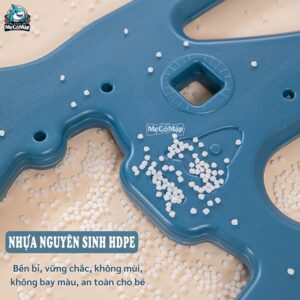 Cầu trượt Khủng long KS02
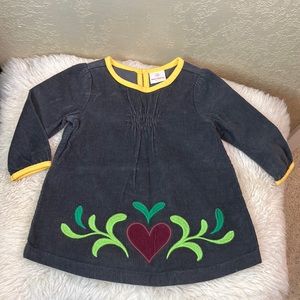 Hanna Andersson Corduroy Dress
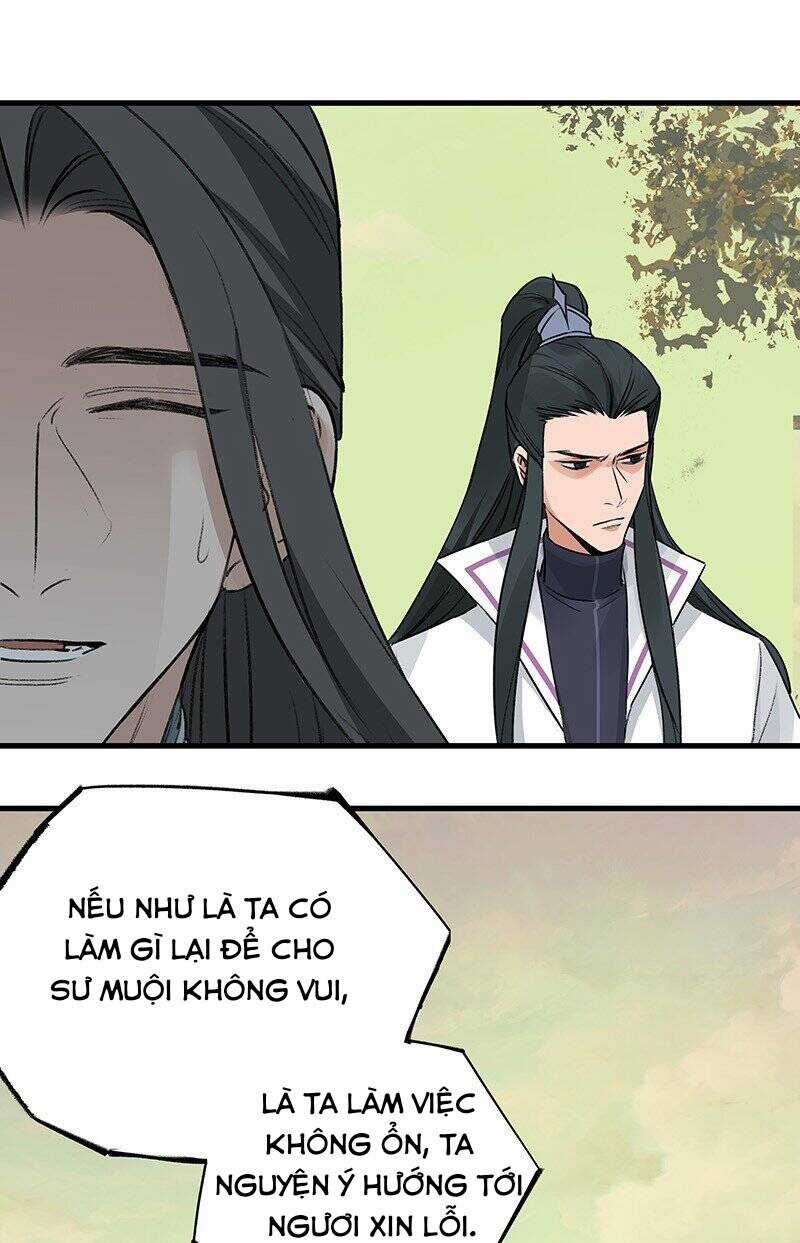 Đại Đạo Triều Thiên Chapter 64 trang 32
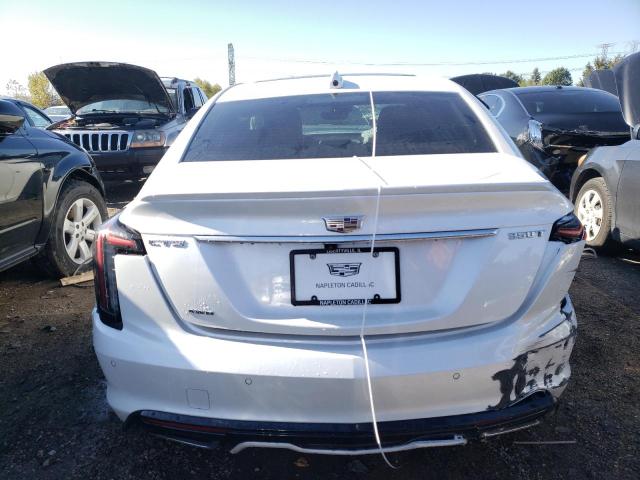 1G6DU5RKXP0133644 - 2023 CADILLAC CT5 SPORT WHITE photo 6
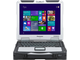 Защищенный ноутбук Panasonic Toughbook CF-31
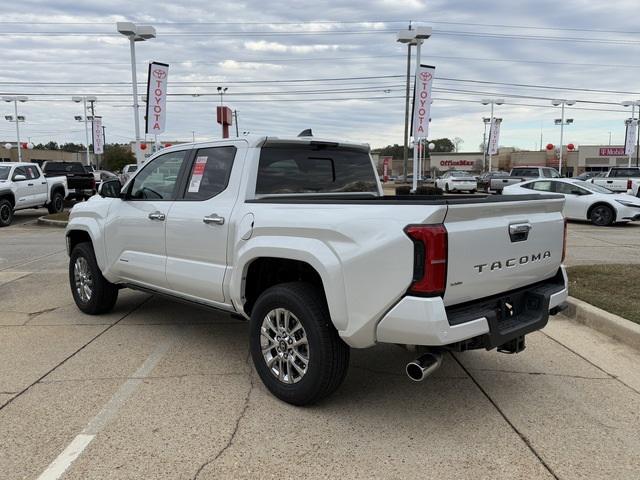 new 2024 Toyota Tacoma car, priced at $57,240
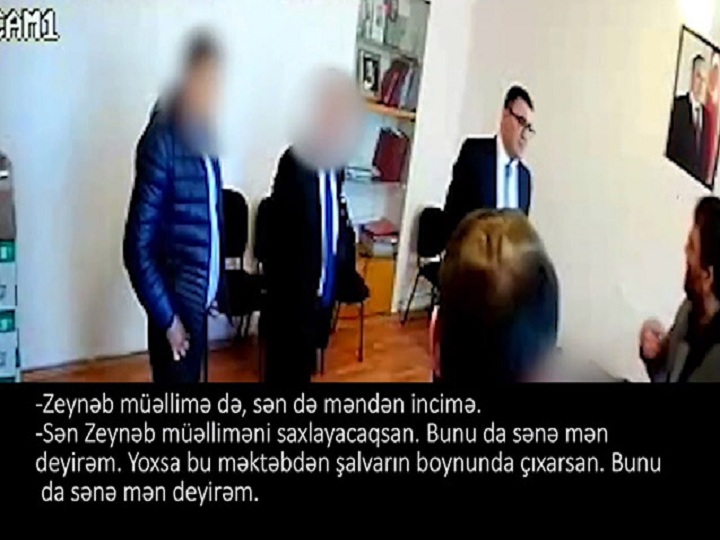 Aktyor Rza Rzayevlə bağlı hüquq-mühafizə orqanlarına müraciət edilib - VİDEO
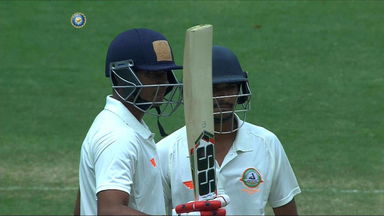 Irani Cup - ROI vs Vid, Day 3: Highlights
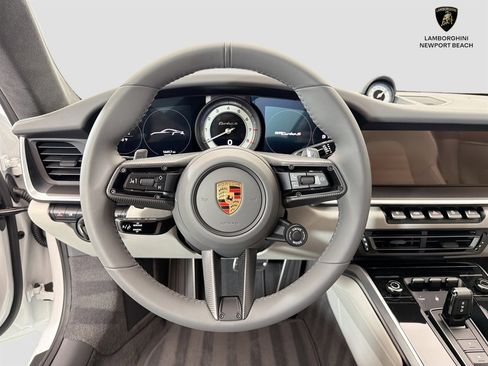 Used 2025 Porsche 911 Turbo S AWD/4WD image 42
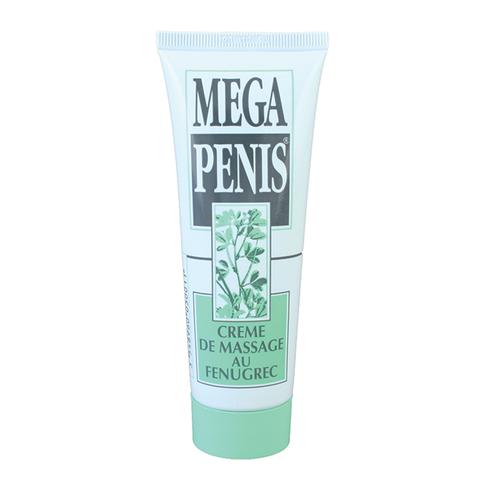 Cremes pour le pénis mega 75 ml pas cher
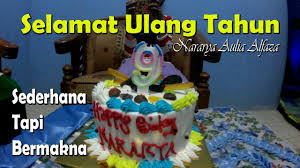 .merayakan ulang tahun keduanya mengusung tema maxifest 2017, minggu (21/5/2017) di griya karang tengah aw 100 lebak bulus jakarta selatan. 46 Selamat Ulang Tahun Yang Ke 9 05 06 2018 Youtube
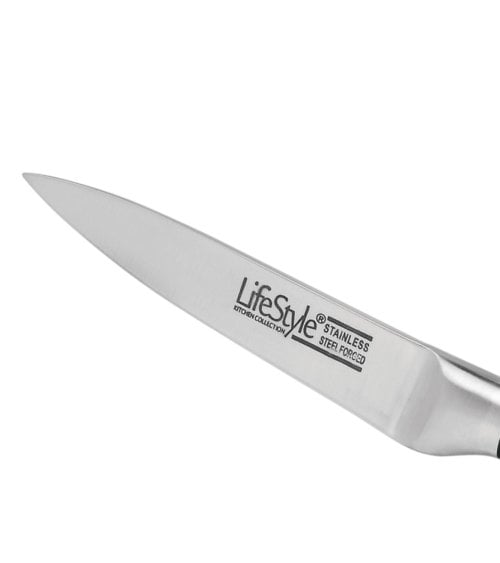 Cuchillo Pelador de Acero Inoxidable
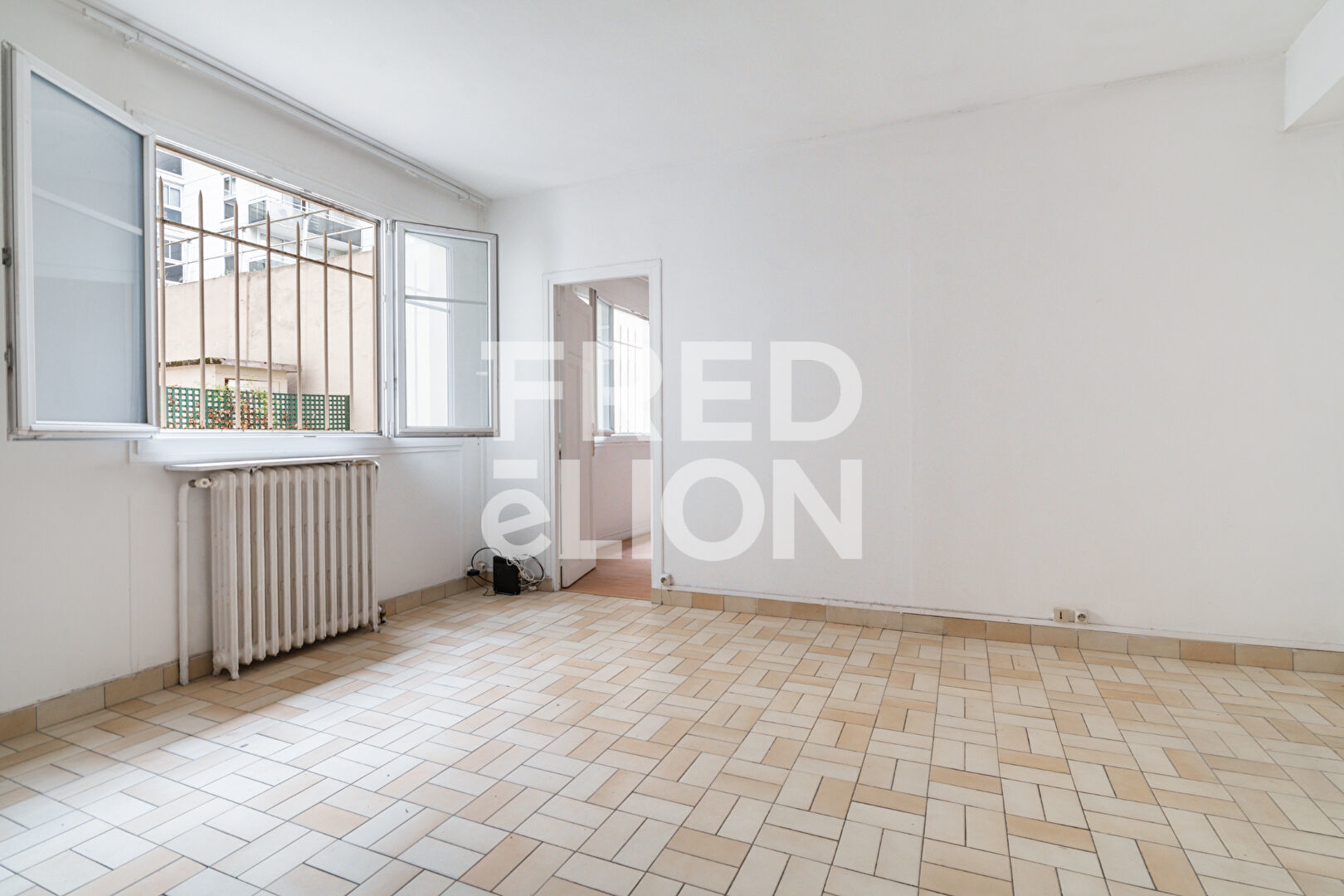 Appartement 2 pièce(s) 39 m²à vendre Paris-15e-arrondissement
◇ ◇ ◇ ◇ ◇ ◇ ◇
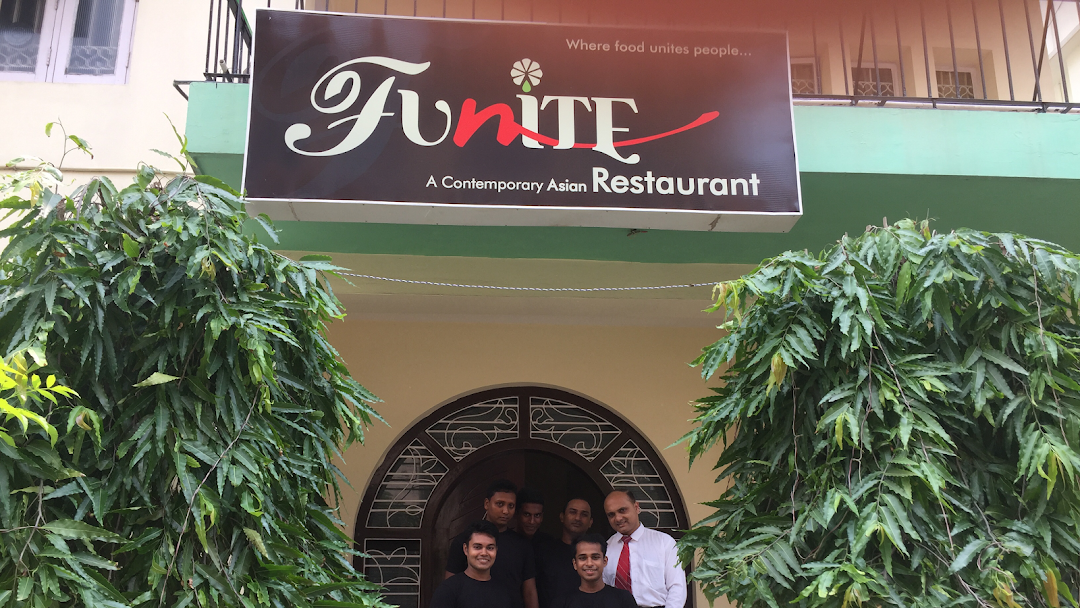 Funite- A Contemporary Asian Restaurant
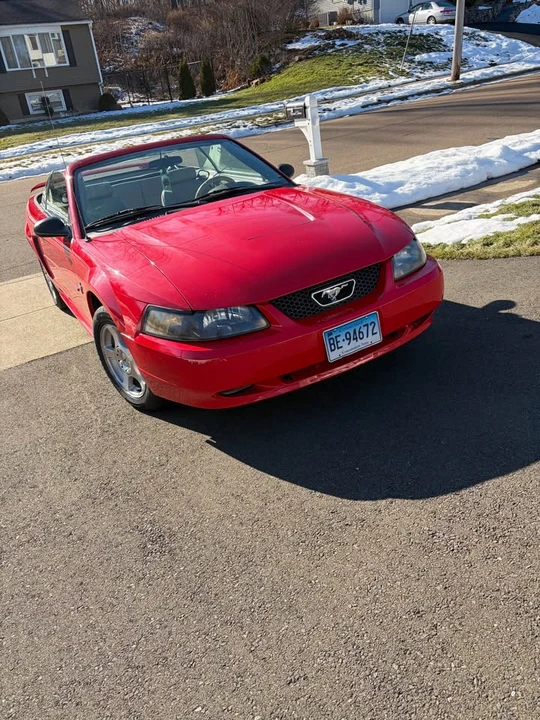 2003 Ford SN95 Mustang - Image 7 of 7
◇ ◇ ◇ ◇ ◇ ◇ ◇
**What is being asked**.
In the entries above, which lines run from the one with "Cầu trượt Khủng long KS02" up to and including the one with "Appartement 2 pièce(s)"? Write them out exactly, without the pictures.

**Your response**.
 Cầu trượt Khủng long KS02
 Hanna Andersson Corduroy Dress
 Đại Đạo Triều Thiên Chapter 64 trang 32
 1G6DU5RKXP0133644 - 2023 CADILLAC CT5 SPORT WHITE photo 6
 Защищенный ноутбук Panasonic Toughbook CF-31
 new 2024 Toyota Tacoma car, priced at $57,240
 Aktyor Rza Rzayevlə bağlı hüquq-mühafizə orqanlarına müraciət edilib - VİDEO
 Irani Cup - ROI vs Vid, Day 3: Highlights
 Used 2025 Porsche 911 Turbo S AWD/4WD image 42
 Cremes pour le pénis mega 75 ml pas cher
 .merayakan ulang tahun keduanya mengusung tema maxifest 2017, minggu (21/5/2017) di griya karang tengah aw 100 lebak bulus jakarta selatan. 46 Selamat Ulang Tahun Yang Ke 9 05 06 2018 Youtube
 Cuchillo Pelador de Acero Inoxidable
 Appartement 2 pièce(s) 39 m²à vendre Paris-15e-arrondissement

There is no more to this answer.